According to Dr Kara, the Government and the Bank of England are keen to ensure that the country’s banks are well capitalised, and do not pose a threat to taxpayers.
He added: “These new measures – such as the implementation of the newly introduced leverage ratio five years earlier than the globally agreed deadline – show that the focus is on the long-term economic recovery with a stable and sound banking sector. Hence, Sir Mervyn King (the outgoing Bank of England governor) said that ‘solving banking sector problems is the work of a generation’.
“This choice may be an impediment to the slow economic recovery we are observing at the moment.
“Banks, expected to increase lending to the businesses and families to kick start the economy, may have to concentrate on adjusting their balance sheets.”
Although plans were already proposed to fill the capital shortfall, Dr Kara said that the new announcement will increase the pressure on banks.
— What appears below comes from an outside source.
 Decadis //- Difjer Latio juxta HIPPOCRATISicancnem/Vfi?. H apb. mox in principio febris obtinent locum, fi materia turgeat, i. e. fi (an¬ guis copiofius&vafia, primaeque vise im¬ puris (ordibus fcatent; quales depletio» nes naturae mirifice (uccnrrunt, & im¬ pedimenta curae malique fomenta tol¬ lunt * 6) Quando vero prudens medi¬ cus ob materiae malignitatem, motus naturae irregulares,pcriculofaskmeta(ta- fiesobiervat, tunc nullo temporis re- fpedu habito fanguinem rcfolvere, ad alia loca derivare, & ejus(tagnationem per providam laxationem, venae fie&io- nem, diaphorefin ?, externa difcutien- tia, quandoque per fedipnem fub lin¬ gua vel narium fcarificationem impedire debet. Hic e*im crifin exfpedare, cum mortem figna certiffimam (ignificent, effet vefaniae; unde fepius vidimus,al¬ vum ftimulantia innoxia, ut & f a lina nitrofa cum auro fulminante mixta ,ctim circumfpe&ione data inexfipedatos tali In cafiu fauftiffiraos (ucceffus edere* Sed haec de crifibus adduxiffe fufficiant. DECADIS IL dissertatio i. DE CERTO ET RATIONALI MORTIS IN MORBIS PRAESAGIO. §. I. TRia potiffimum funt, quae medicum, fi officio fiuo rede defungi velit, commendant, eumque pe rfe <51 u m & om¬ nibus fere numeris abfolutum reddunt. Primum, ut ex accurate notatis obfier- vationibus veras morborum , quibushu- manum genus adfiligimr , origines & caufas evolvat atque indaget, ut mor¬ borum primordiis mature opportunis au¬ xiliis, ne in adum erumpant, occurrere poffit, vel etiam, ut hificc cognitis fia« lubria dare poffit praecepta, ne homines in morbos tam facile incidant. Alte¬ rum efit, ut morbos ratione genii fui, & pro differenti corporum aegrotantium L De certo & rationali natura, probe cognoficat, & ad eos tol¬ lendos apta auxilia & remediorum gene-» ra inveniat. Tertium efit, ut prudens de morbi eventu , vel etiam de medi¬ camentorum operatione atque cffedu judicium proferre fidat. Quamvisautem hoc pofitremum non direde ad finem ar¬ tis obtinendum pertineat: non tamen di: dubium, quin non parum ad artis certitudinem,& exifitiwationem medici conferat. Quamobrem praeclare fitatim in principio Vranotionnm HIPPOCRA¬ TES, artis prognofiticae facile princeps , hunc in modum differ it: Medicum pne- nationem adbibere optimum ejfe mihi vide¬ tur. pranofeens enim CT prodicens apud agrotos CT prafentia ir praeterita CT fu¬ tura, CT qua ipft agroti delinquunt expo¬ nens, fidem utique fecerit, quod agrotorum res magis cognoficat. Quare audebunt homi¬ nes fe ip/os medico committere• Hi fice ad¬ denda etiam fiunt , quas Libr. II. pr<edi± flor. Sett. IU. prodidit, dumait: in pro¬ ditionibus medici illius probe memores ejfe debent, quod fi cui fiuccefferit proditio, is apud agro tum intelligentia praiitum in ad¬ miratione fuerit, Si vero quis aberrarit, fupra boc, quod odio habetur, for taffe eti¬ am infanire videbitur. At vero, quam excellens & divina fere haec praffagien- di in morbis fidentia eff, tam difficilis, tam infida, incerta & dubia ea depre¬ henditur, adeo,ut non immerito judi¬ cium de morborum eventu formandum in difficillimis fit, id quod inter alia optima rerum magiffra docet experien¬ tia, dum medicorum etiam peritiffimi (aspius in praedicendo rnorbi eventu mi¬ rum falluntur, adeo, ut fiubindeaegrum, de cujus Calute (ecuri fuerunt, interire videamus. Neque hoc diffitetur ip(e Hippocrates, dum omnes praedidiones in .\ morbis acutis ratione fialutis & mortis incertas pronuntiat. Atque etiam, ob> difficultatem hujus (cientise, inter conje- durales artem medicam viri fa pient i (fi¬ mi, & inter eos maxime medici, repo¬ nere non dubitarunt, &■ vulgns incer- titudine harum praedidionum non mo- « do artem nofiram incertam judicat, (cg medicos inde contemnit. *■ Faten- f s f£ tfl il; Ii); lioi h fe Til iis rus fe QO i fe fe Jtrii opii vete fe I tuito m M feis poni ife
He added: “Reaching the targeted capital requirements can either be achieved by supplementing the capital base, or by reducing lending to the economy.
“The latter will not be supportive of pushing economic growth and creating jobs.
“In particular, two institutions affected from the introduction of the new leverage ratio, Barclays and Nationwide, unlike others, were already supporting economic recovery by increasing their net lending. Reaching the new capital targets may discourage them.
“In the long term, the consequence of these policies will be smaller size banks, which is what is planned to be achieved by the Government.”
The PRA said it has asked firms to ensure that all plans to address shortfalls do not reduce lending to the real economy.
However, there are fears the tough rules will hamper their ability to lend at a crucial time for the wider economic recovery.
Kevin Burrowes, UK financial services leader at PricewaterhouseCoopers, said yesterday: “While more transparency is welcome, it is debatable whether this disclosure is supportive of pushing economic growth or facilitates more bank lending.”